Five Ways to Avoid California Wildfire Online Donation Scams

October 29, 2019
Christopher Dawson

Disasters bring out the best in people; they also bring out the worst in people.

The current California wildfires are bringing out the best in people through acts of bravery and community support, including an outpouring of donations.

They’re also bringing out the worst in people as cybercriminals and scammers use the wildfires as another opportunity to take advantage of people’s desire to help, lining their own pockets instead of providing badly needed aid.

As with any major event, the best way to help those affected, while protecting yourself, is to be careful to avoid scams and make sure your donations get to those affected rather than scammers and cybercriminals.

The good news is that there are some simple steps you can follow to help protect yourself.

1. Give to known, reputable charities: Scammers set up fake charities and abuse the brands of existing aid organizations. For the California wildfires, the Governor’s Office of Emergency Services has set up a special website that lists organizations you can give to that will help those affected by the wildfires (https://response.ca.gov/donate.html). Also, avoid “crowdfunding” campaigns: you just can’t be sure who’s going to get that money.

2. Don’t click links: If you get emails or SMS messages asking for donations, don’t click on the links. Instead, go to a reputable charity’s site directly by typing the website address in your browser. If you’re not sure of the right link for a charity, you can go to the page the Governor’s Office of Emergency Services has set up.

3. Verify the website: All reputable charities use secure websites for their donations. This helps keep your information safe. It also gives you a way to verify the website really is who it says it is. You can verify the website by clicking on the “lock” icon in your browser and checking the certificate it shows – it isn’t enough to simply see the lock icon since cybercriminals frequently use legitimate certificates to secure their own fraudulent websites. Here is an example of the certificate for the Governor’s Office of Emergency Services site.

4. Make the call yourself: Charity scams often happen through calls you receive or people who show up at your door. You can’t be sure an operator on an unsolicited phone call or someone at your door really is working for who they say they are. Your best bet is to give online through the charity’s website or by calling on a number listed on their website.
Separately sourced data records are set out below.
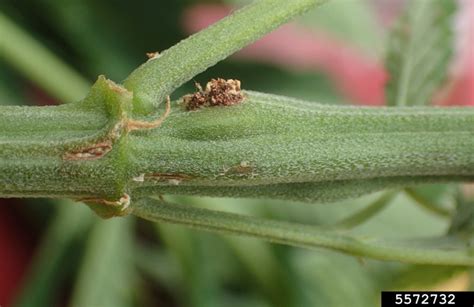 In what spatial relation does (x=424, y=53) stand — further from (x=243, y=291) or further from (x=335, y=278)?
(x=243, y=291)

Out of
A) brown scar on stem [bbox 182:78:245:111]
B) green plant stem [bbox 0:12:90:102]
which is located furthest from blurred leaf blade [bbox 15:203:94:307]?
brown scar on stem [bbox 182:78:245:111]

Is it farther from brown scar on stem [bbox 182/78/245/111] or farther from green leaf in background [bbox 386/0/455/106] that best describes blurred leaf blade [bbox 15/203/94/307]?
brown scar on stem [bbox 182/78/245/111]

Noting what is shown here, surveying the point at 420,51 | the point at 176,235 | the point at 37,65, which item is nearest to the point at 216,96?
the point at 420,51

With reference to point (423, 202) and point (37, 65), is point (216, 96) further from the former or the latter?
point (37, 65)

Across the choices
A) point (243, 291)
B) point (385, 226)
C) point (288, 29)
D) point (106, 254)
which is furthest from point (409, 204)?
point (288, 29)


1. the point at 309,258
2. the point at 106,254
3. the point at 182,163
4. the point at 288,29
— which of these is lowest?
the point at 182,163

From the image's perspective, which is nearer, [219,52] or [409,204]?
[219,52] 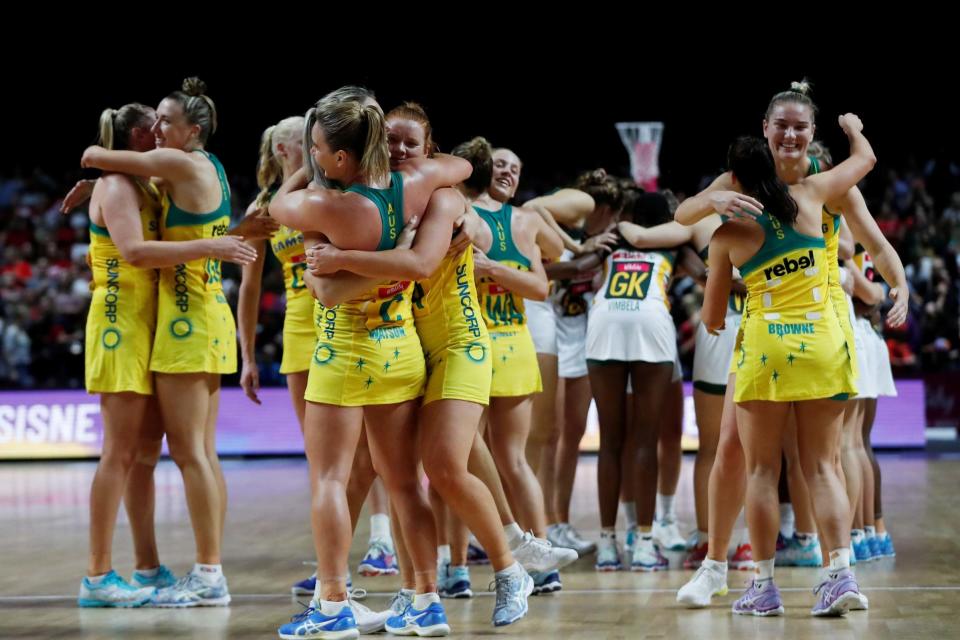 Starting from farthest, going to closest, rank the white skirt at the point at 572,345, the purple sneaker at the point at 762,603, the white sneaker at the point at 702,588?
the white skirt at the point at 572,345
the white sneaker at the point at 702,588
the purple sneaker at the point at 762,603

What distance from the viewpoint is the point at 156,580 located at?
5156mm

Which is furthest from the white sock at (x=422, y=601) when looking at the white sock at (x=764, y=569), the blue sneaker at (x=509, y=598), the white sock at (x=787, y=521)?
the white sock at (x=787, y=521)

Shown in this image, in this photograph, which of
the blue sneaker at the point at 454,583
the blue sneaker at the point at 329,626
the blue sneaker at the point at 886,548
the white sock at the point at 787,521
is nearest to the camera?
the blue sneaker at the point at 329,626

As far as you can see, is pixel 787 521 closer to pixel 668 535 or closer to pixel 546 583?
pixel 668 535

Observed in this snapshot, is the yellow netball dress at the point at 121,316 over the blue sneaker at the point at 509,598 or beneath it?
over

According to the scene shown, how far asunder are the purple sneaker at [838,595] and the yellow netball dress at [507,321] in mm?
1471

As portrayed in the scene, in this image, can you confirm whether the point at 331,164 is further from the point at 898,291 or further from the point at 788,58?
the point at 788,58

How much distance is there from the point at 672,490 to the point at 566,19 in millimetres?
10751

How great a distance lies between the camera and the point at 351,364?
13.3 feet

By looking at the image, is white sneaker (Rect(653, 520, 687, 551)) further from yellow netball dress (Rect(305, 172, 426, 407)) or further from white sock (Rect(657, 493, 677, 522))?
yellow netball dress (Rect(305, 172, 426, 407))

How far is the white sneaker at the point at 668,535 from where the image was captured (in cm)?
636

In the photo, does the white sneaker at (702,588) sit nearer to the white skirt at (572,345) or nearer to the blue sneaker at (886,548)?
the blue sneaker at (886,548)

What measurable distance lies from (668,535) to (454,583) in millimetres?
1712

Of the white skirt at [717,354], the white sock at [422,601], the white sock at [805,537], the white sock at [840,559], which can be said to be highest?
the white skirt at [717,354] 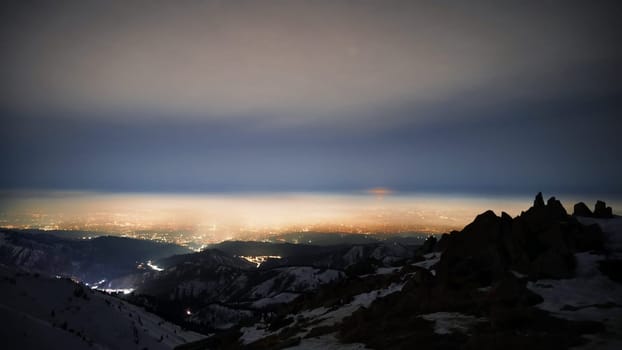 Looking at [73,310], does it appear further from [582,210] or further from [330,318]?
[582,210]

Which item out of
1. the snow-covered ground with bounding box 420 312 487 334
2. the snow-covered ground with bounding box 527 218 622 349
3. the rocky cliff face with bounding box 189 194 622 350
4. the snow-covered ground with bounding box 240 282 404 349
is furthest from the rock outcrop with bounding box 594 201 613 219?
the snow-covered ground with bounding box 420 312 487 334

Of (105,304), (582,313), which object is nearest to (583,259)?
(582,313)

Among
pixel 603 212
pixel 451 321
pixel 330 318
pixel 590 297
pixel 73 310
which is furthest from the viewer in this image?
pixel 73 310

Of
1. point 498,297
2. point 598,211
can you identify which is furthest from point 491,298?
point 598,211

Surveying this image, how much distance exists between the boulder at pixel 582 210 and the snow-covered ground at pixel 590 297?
20.2 meters

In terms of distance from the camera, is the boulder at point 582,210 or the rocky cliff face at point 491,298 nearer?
the rocky cliff face at point 491,298

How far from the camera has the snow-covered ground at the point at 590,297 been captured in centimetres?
2195

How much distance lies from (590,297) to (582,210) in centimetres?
4152

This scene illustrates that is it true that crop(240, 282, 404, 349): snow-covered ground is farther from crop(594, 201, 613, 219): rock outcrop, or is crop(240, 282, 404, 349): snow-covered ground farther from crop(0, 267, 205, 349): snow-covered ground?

5. Finally, if you need information about the fires, power outages, or fire recovery resources, make the California Governor’s Office of Emergency Services site your first stop (http://response.ca.gov). It’s your best, most trustworthy source and gateway to other resources.

When it comes to disasters, cybercriminals follow crowds and unfortunately actively lure victims by pretending to represent legitimate causes. They may make use of fake websites, spoofed emails, and fraudulent ads and social media posts—and we encourage donors to proceed with caution. Organizations, for their part, should implement layered defenses at the email gateway, network edge, and endpoint to protect against malicious content, links, and more.